Insomma, Prodi aveva fatto i conti senza l’oste. E alla fine anche la risicata vittoria gli è andata di traverso. Al Senato l’Unione ha avuto 400 mila voti meno della Casa delle libertà. Mentre alla Camera ha potuto fruire del premio di maggioranza grazie ad appena 24 mila voti in più. Il guaio è che tutto è a posto e nulla è in ordine. Le schede contestate o provvisoriamente non assegnate sono parecchie. E spetta agli uffici centrali circoscrizionali procedere al loro riesame e decidere, ai fini della proclamazione, sull’assegnazione o meno dei voti relativi. È principio generale recepito dalla legge e ribadito da svariate circolari del ministero dell’Interno che la validità del voto contenuto nella scheda deve essere ammessa ogni qualvolta possa desumersi la volontà effettiva dell’elettore. Siamo sicuri che le cose siano andate così? Ma allora non si capisce perché mai si meni tanto scandalo per il fatto che Berlusconi voglia vederci chiaro prima di ammettere la vittoria (di Pirro) del suo antagonista.

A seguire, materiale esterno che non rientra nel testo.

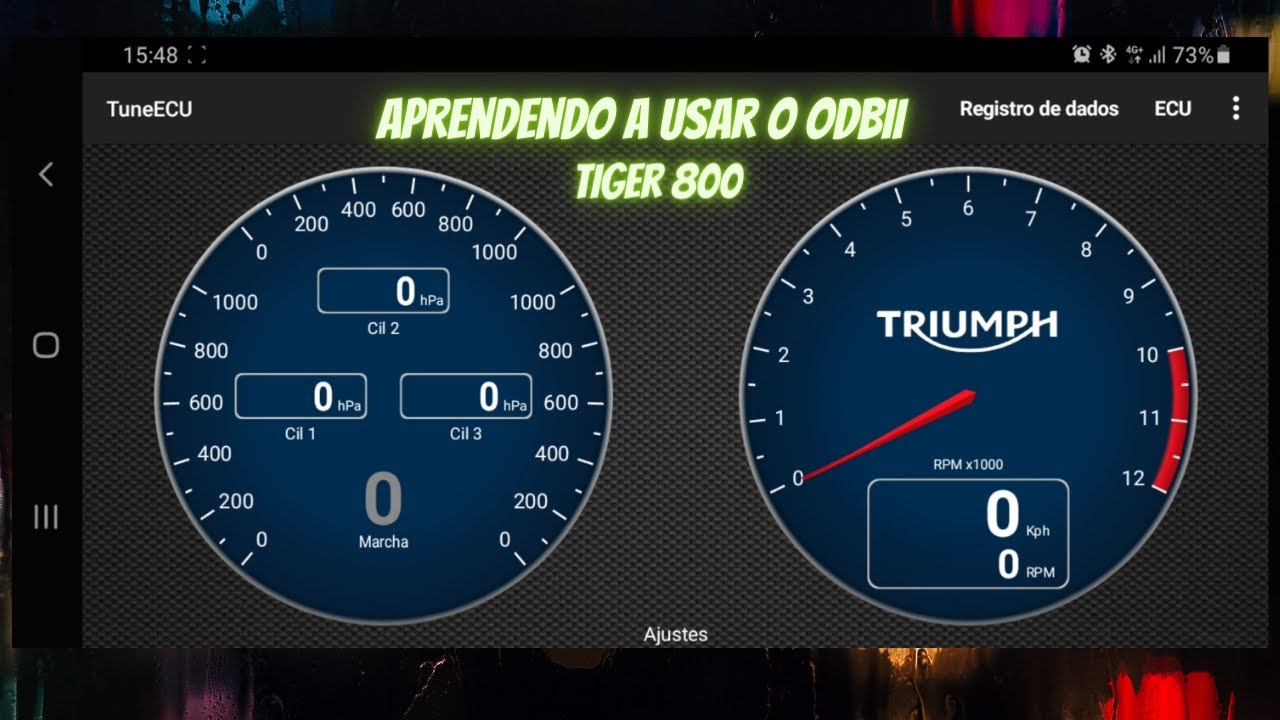Aprendendo a usar ODBII Tiger 800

Per Prodi gli esami non finiscono mai e le insufficienze saltano agli occhi: pensate, era convinto di formare il governo in quattro e quattr’otto e si è recato al Quirinale per spronare Ciampi ad avallare la sua opinabile tesi. Cose da matti. Non si era mai visto il bel caso di un tacchino che reclami l’anticipo del Natale, quando finirà regolarmente in pentola. E gli è stato sbattuto in faccia un comunicato ufficiale che ribadisce l'esatto contrario. Dunque non sarà Ciampi a battezzare il nuovo governo ma il suo successore. Perciò prima il Parlamento eleggerà il presidente della Repubblica.
Nei panni di Prodi, rifiuteremmo l’amaro calice dell’incarico. Perché tutto congiura contro di lui. Per la presidenza della Camera siamo al braccio di ferro tra Bertinotti e D’Alema. Al Senato non passerà uno spillo né nelle commissioni, in molte delle quali non ci sarà una maggioranza precostituita, né in assemblea, dove mancherà di continuo il numero legale. E non s’intravede a breve un accordo neppure sul candidato al Colle. Tant’è che Prodi, più frustrato che mai, paventa che il governo Berlusconi rimanga in carica fino a giugno inoltrato. Professore, dia retta, getti la spugna.

Altrimenti sarà spremuto come un limone per qualche mese. E nella prossima primavera, quando si tornerà alle urne, sarà Veltroni, che già si riscalda ai bordi del campo, a contendere a Berlusconi la palma della vittoria.